_About this task_
Go to the line with "Funesc lembra 63" in the entries below and write out every line from there through the line with "Vonbona Accessories Sundara", exactly and without pictures.

_Dataset extract_
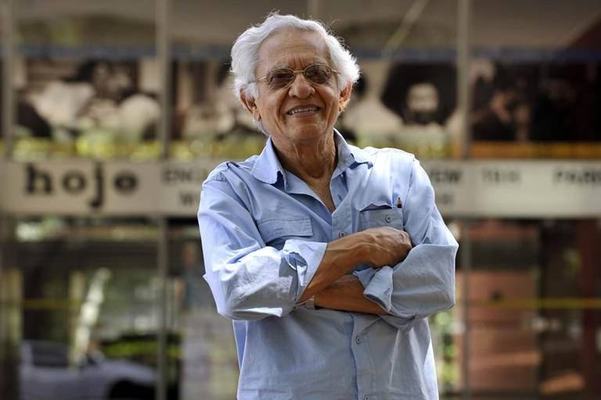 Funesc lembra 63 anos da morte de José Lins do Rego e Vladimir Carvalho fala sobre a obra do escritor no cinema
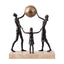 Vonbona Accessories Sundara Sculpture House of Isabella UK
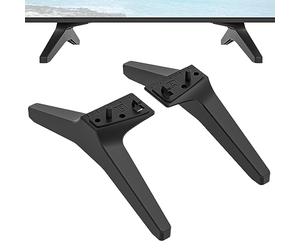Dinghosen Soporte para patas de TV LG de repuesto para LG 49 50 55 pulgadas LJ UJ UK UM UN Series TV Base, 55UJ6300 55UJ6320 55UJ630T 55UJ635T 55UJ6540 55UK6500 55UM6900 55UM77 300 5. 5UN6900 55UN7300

---

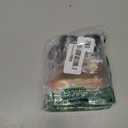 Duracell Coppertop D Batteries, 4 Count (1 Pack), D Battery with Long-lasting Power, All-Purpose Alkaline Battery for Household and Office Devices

_Task result_
 Funesc lembra 63 anos da morte de José Lins do Rego e Vladimir Carvalho fala sobre a obra do escritor no cinema
 Vonbona Accessories Sundara Sculpture House of Isabella UK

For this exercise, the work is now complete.